The efforts of those tasked with working the roads have not gone unnoticed by city and county leaders, who have been quick to praise the efforts of both the city street and county highway departments in keeping traffic moving throughout the area. They have also praised the efforts of law enforcement and emergency response departments. However keeping the roadways clear and passable have come with a cost unlike those of recent years. Budget constraints, have reduced local and county funding in recent years while fuel and other operational cost have increased dramatically during the same time. State funding, grants and other means designed to financially assist county governments, has also seen a reduction.

According to city street department superintendent Jimmy Miller, his department has used 300 tons of sand and nearly 200 tons of salt to keep city streets passable since the first snow fall of this winter season.

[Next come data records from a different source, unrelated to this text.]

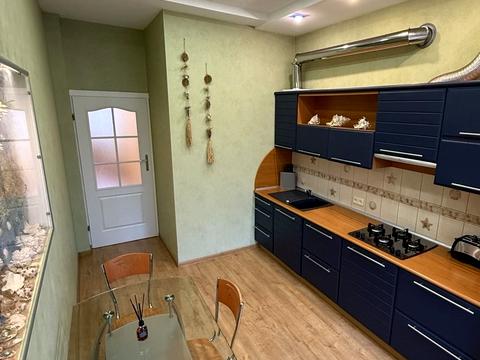 квартира по адресу Дмитрия Яворницкого просп. (Карла Маркса), 53-А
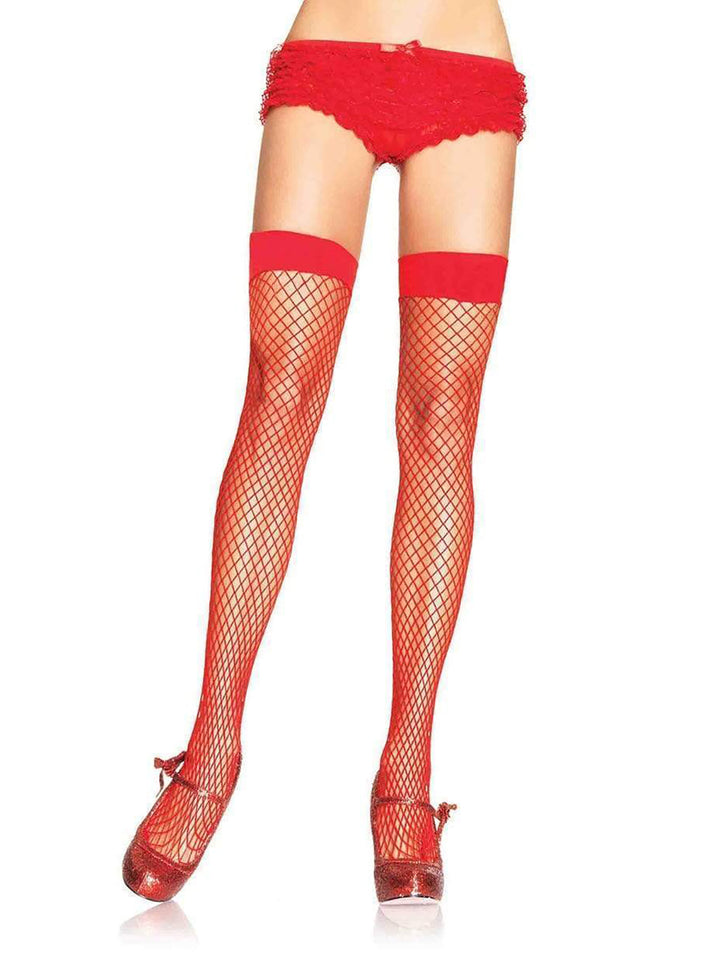 Industrial Net Stockings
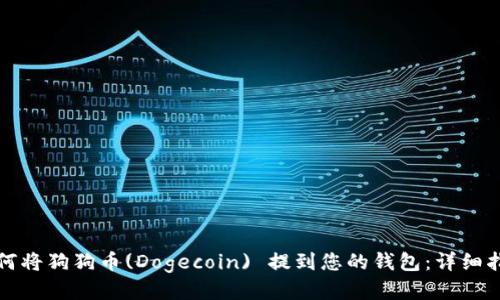 如何将狗狗币(Dogecoin) 提到您的钱包：详细指南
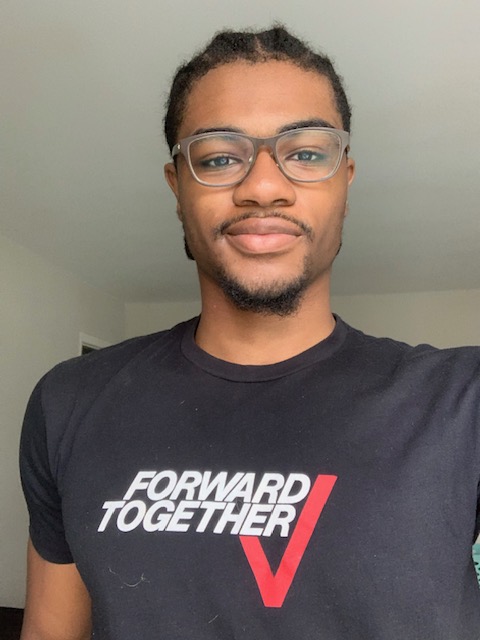 A big welcome to @verizon's 400+ virtual summer interns who joined the V Team today. Here's to a great few months! #VerizonInterns #vzcareers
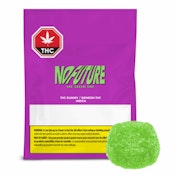 NO FUTURE - The Green One Indica THC 1 x 10g Soft Chew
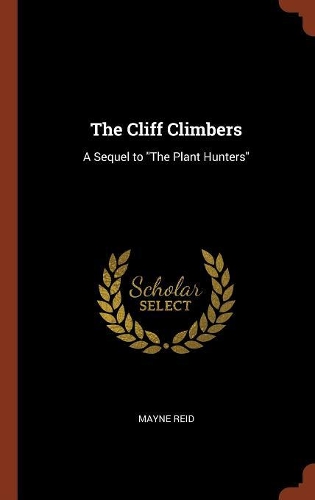 The Cliff Climbers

“Fortunately, we (city street department) have had no major breakdowns of equipment or vehicles so far. We’ve been really lucky. The amount of sand we’ve already used this year is a lot, especially when compared to the usage the past couple of years,” Miller said.

He continued by saying that, this year, city street department workers have totalled nearly 200 hours in overtime since the winter storms arrived last fall.

The county highway department has not fared much this season according to superintendent Jerry Sitton.

Rush County is comprised of roughly 750 square miles and keeping county roads open is paramount for workers to reach their place of employment, school bus travel and the daily life of those living in a farming community. Multiple winter storms dumping multiple inches of snow combined with strong winds this season have challenged the county highway department.

An effort to keep rural roads passable without destroying the roadway surface and resulting in additional cost for road repairs has challenged the department.

County employees have worked nearly 1,051 overtime hours plowing rural roads and applied nearly 1,500 tons of number 11- brown stone to the roads in recent months. Sitton said that only one truck has been damaged this year. Fortunately, the damage was relatively minor to what it could have been.

Currently, the county is in the grips of another deep freeze while extend forecast are for a possible warming trend in the coming days.